Mosque in California, the United States

The Women's Mosque of America is a women's mosque based in Los Angeles, California. It is the first women-led Muslim house of worship in the United States, and it was founded by WGA comedy writer/director M. Hasna Maznavi to uplift the entire Muslim community by empowering the women within, and to spark the pathway towards a worldwide women-led Islamic Renaissance — one that is shaped by Muslim women's voices, participation, leadership, and scholarship. Maznavi had a childhood dream to build a mosque before she died as her sadaqa jariyah (ongoing charity), and she was further inspired by reading the Qur'an in English in entirety and her own study of Islamic history which revealed a rich history of female Muslim religious leadership before she decided to establish her dream mosque with rotating women khateebahs (preachers), which sets a precedent for women's leadership in American Islam.
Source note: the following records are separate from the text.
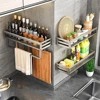 Wall-Mounted Kitchen Storage Rack Multifunctional Spice Shelf Wall Shelf  Hanging Hook Rack Condimenters Organizers Holder 2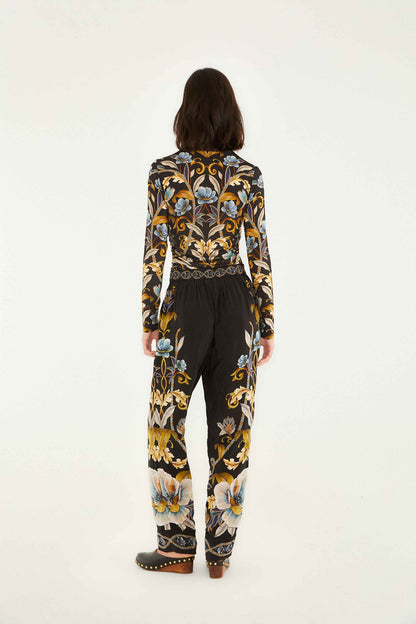 Farm Rio | Pajama Pants - Snake Garden Black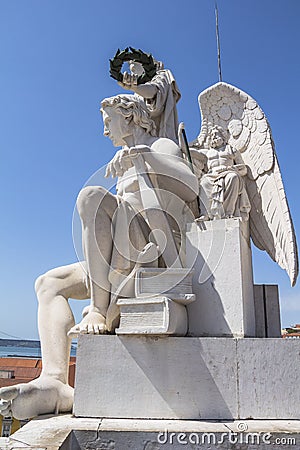 White statue above Praca do Comercio in Lisbon Stock Photo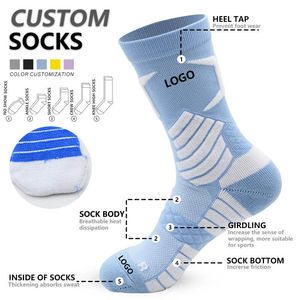 Calcetines deportivos de diseño personalizado OEM, calcetines de tubo acolchados de poliéster de alta calidad para hombres y mujeres con logotipo único - Product Image 1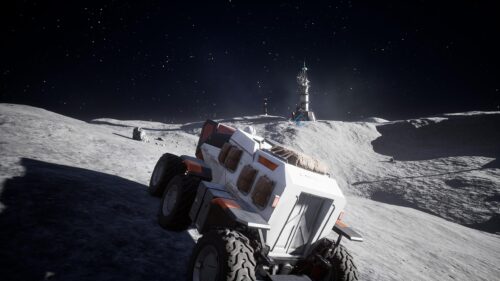 Futuristic Lunar Exploration Rover on Alien Moon Surface 4K Wallpaper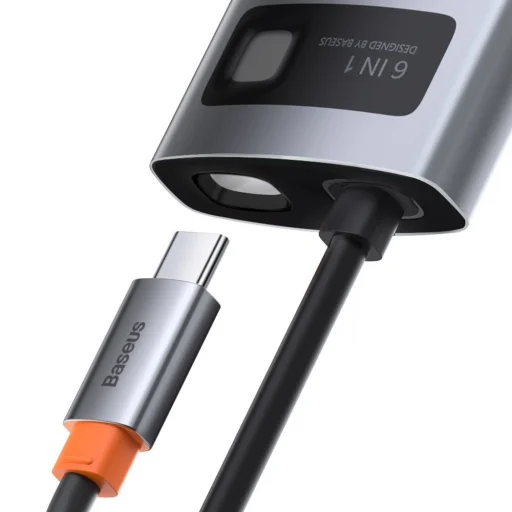 Baseus Metal Gleam 6in1 HUB USB Type-C - USB Type-C PD 100W / HDMI 4K 30Hz / 3x USB 3.2 Gen 1/ RJ45 1Gbps szürke (CAHUB-CW0G) - 3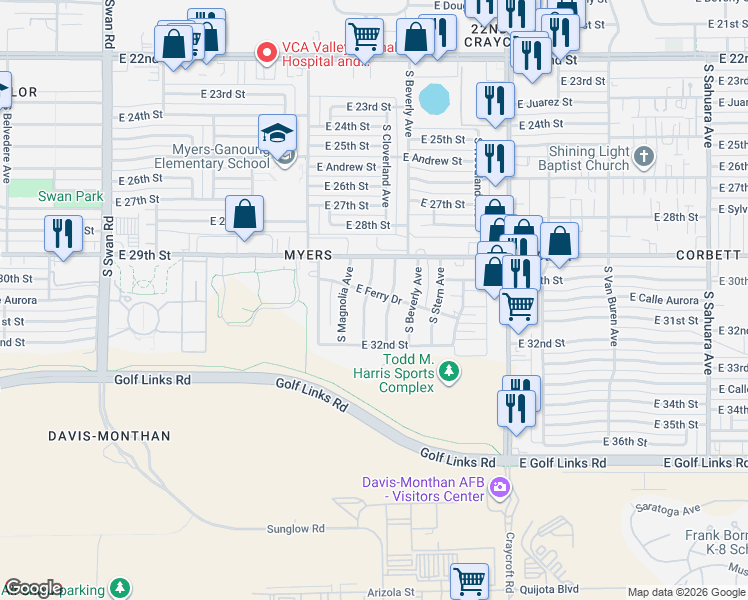 map of restaurants, bars, coffee shops, grocery stores, and more near 2102 South Farwell Avenue in Tucson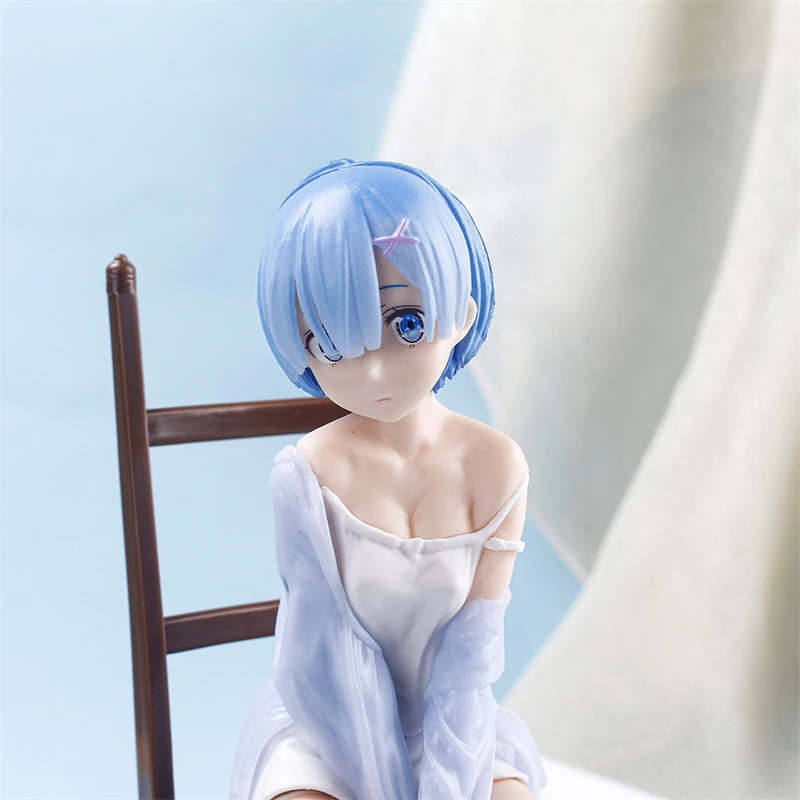 17cm Anime Re: Life In A Different World From Zero Rem Sit On Chairs Kolekcja figurek akcji PVC Model Zabawka dla dzieci Prezent świąteczny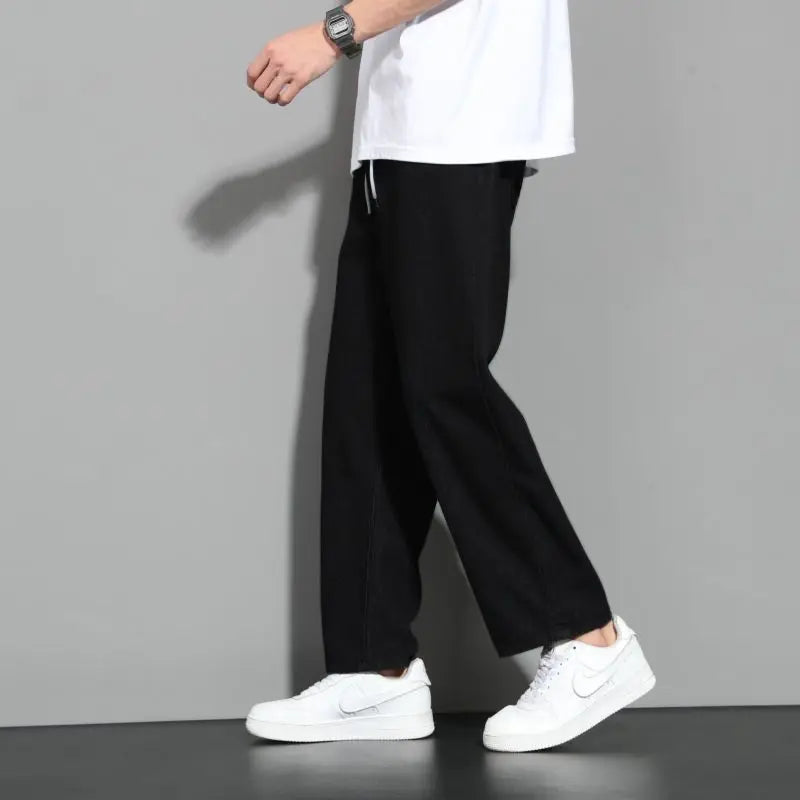 Jean de dehors Coréen pour Homme, Pantalon Droit Décontracté, Couleur Unie, Taille artificiel astique, Proximité, Poches Wstring, Polyvalent, Jambes Larges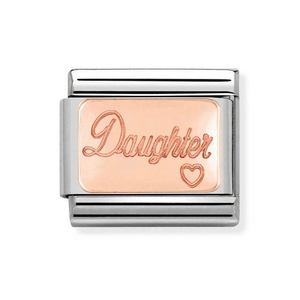 Classic Rose Gold Daughter Heart Charm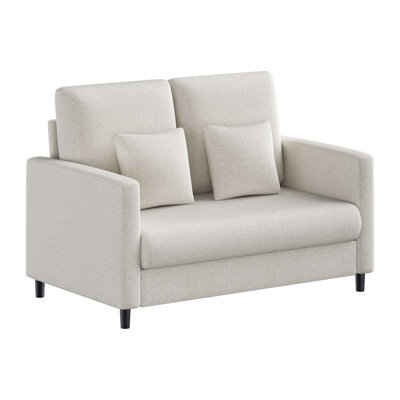 2 Seater Sofa Modern Sofa Couch Loveseat With Thicken Cushions, Beige, (W)132Cm (D)78Cm (H)87Cm - image 1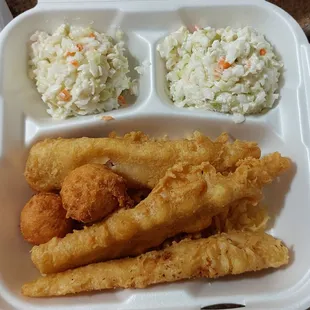 Three piece fish meal with two side of coleslaw $10.09. Coleslaw was terrible, not like it used to be
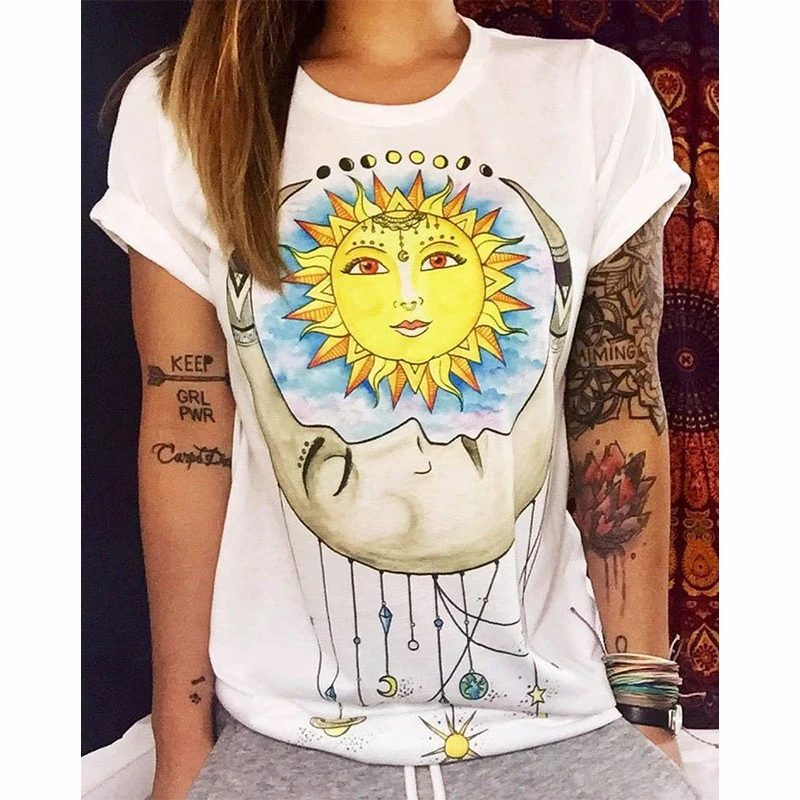 Футболка с принтом подсолнуха в стиле панк-рок модель 2018 года T22 | Женская одежда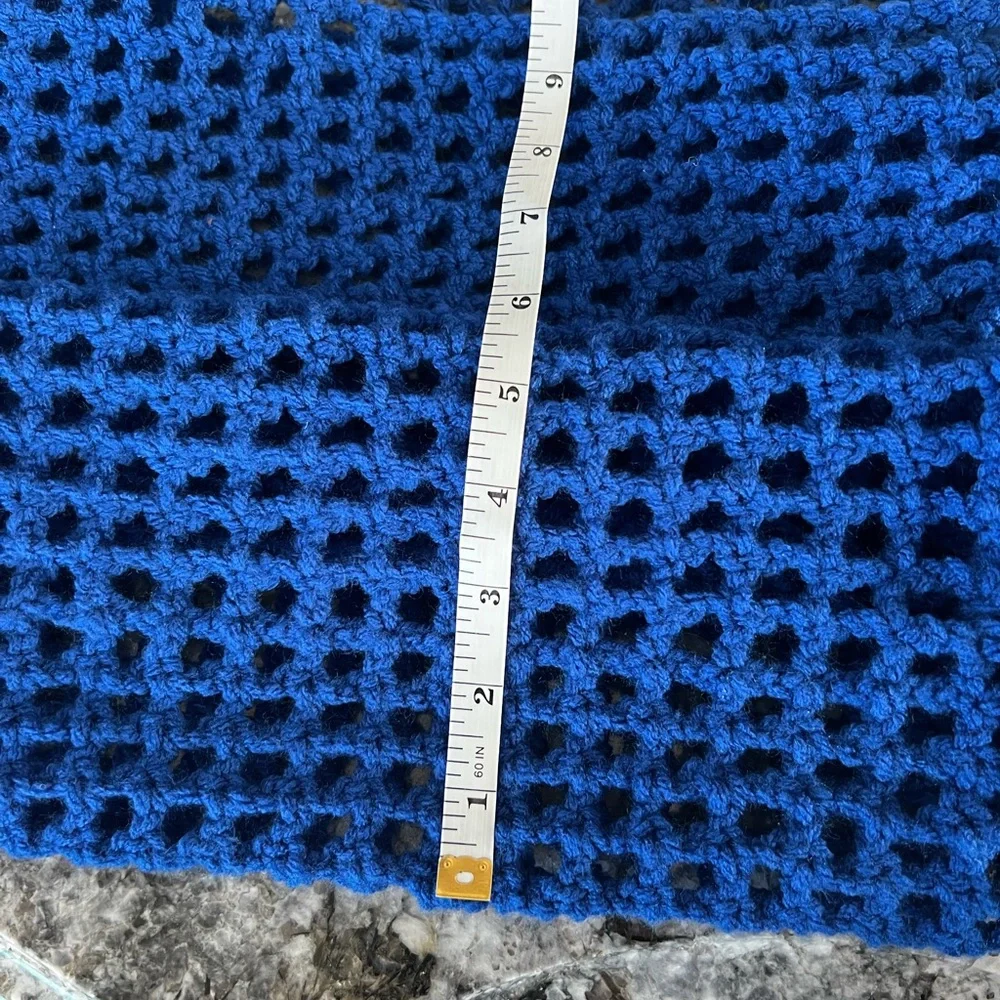 ☀️ Hand Crocheted Blue Boho Beach Tote ☀️ - Picture 11 of 12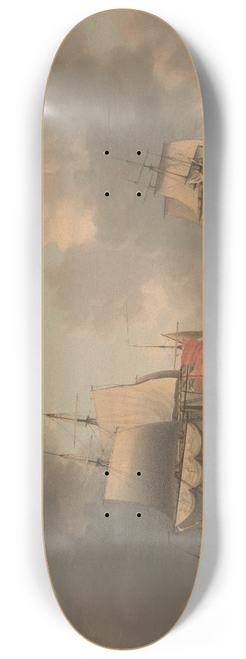 Dominic Serres - An English Two-Decker Lying Hove to, with Other Ships and Vessels in a Fresh Breeze 8.25 inch art skate deck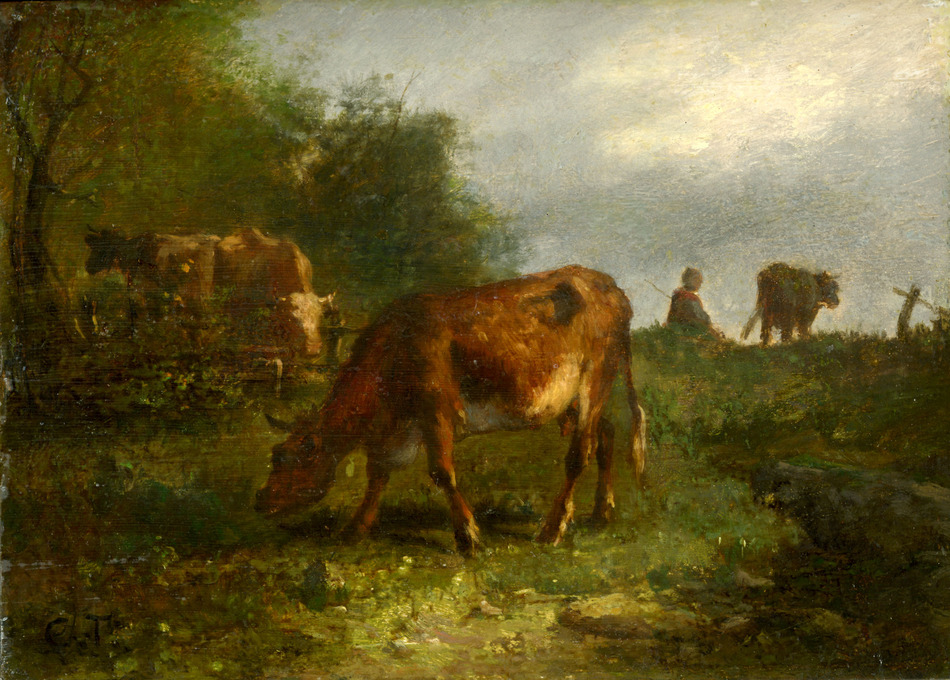 The cattle tender, Fontainebleau by Constant Troyon (French, 1810 - 1865)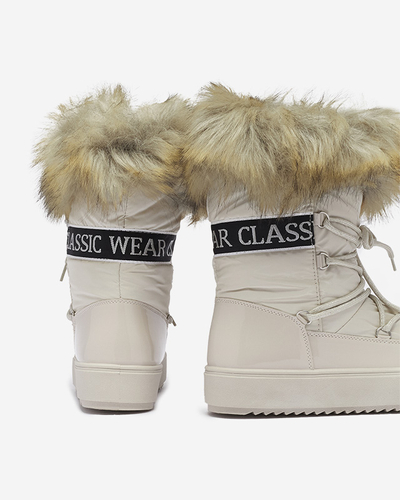 Beežid naiste karusnahaga liibuvad lumesaapad Lilitsa- Jalatsid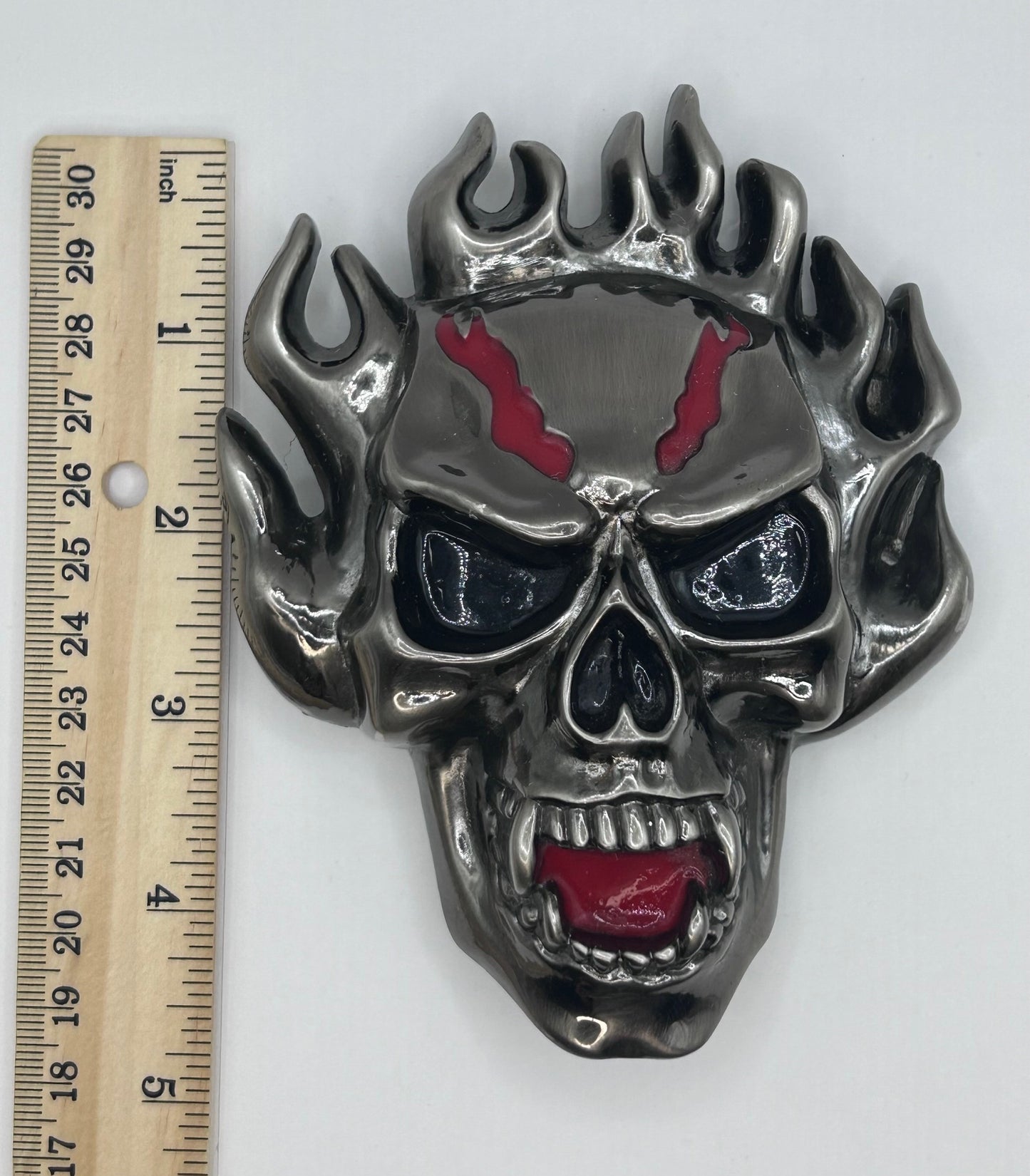 Flaming Skull Belt Buckle with Secret Compartment Red and Gun Metal Finished Halloween Party Costume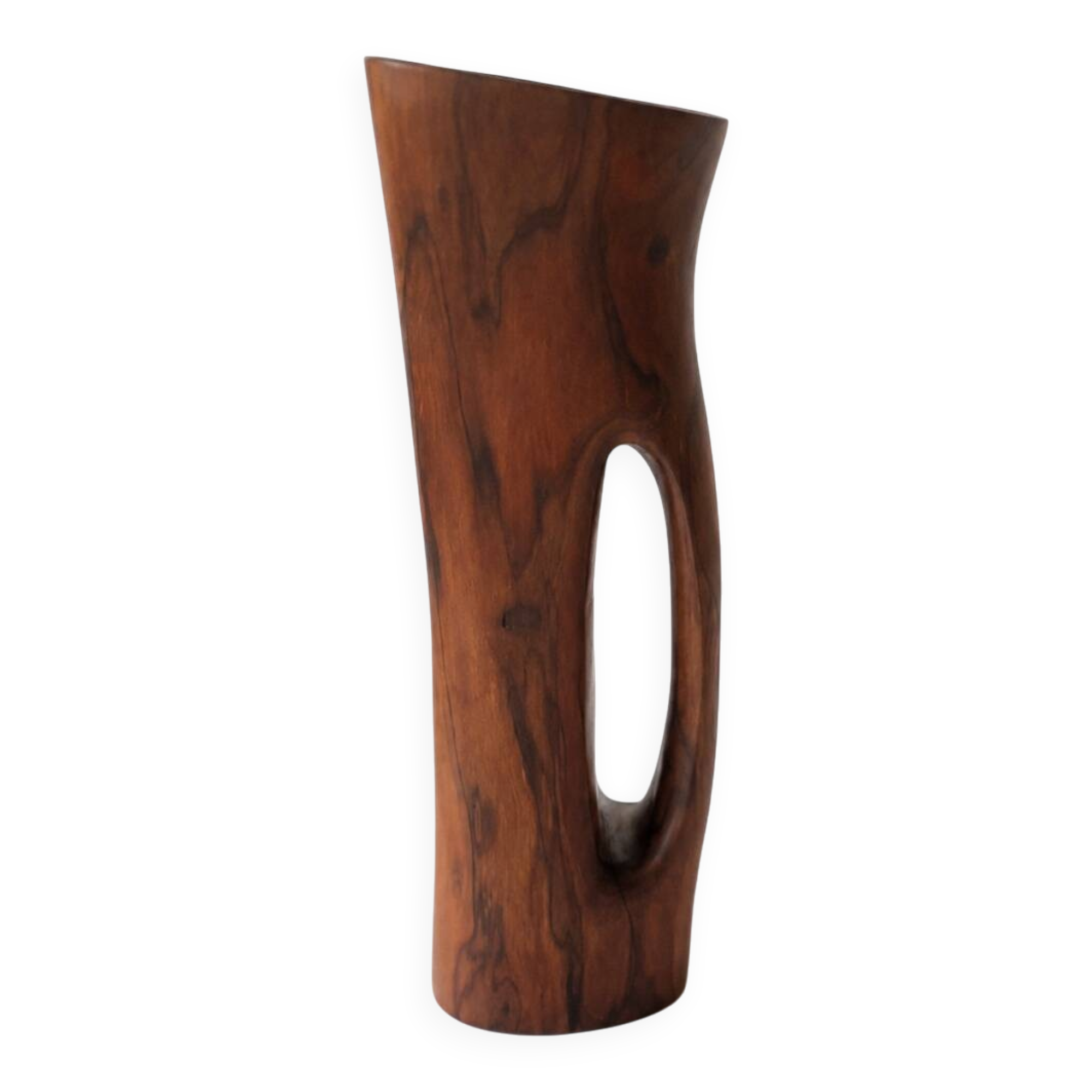 Sculptural modernist pitcher / vase made from solid monoxyle wood, Alexandr style.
The Women's Mosque of America had its first public town hall meeting on August 23, 2014. At the inaugural Jumu'ah on January 30, 2015, the khutbah was delivered by Edina Lekovic. The Women's Mosque of America had precedents in other countries in Muslim-majority nations and elsewhere, but this is the first such space in the United States. Southern California Muslim women meet for Friday prayers on a monthly basis, with some programming during the week. Housed in rented interfaith spaces in downtown Los Angeles, the mosque is led by women. The call to prayer, speeches on Islamic scholarship, Quran classes, and Friday sermon all come from women. The mosque permits men at some activities but is led by women and has discussions and classes dedicated to their concerns. The women's mosque represents the development of the Muslim community in America both internally and externally. American mosques established by new immigrant Muslims were sometimes ill-equipped to accommodate the needs of Muslim women in America, due to cultural interpretations of Islam which were limiting for women and not true to Qur'anic teachings.

After the mosque was founded, Maznavi wrote an article in the Huffington Post to explain the motivation for her work with The Women's Mosque of America. She tried to counter the image that the women's mosque represented a rebellion against both Muslim men and Islamic history. She wrote to clarify that The Women's Mosque of America was a revival of Islamic tradition as taught by Muhammad, and that Muslim men were involved and supportive of her work.

== Women's mosques ==
Women's mosques have offered female-only worship to Muslims at various times in Islamic history. Although Islamic scholarship shows Muslim women have led prayers since Islam's founding, Islamic scholars have debated whether women can lead the Friday sermon.

Women's mosques can be found in various countries, including China, India, Chile, Egypt, Palestine, Sudan, and Syria.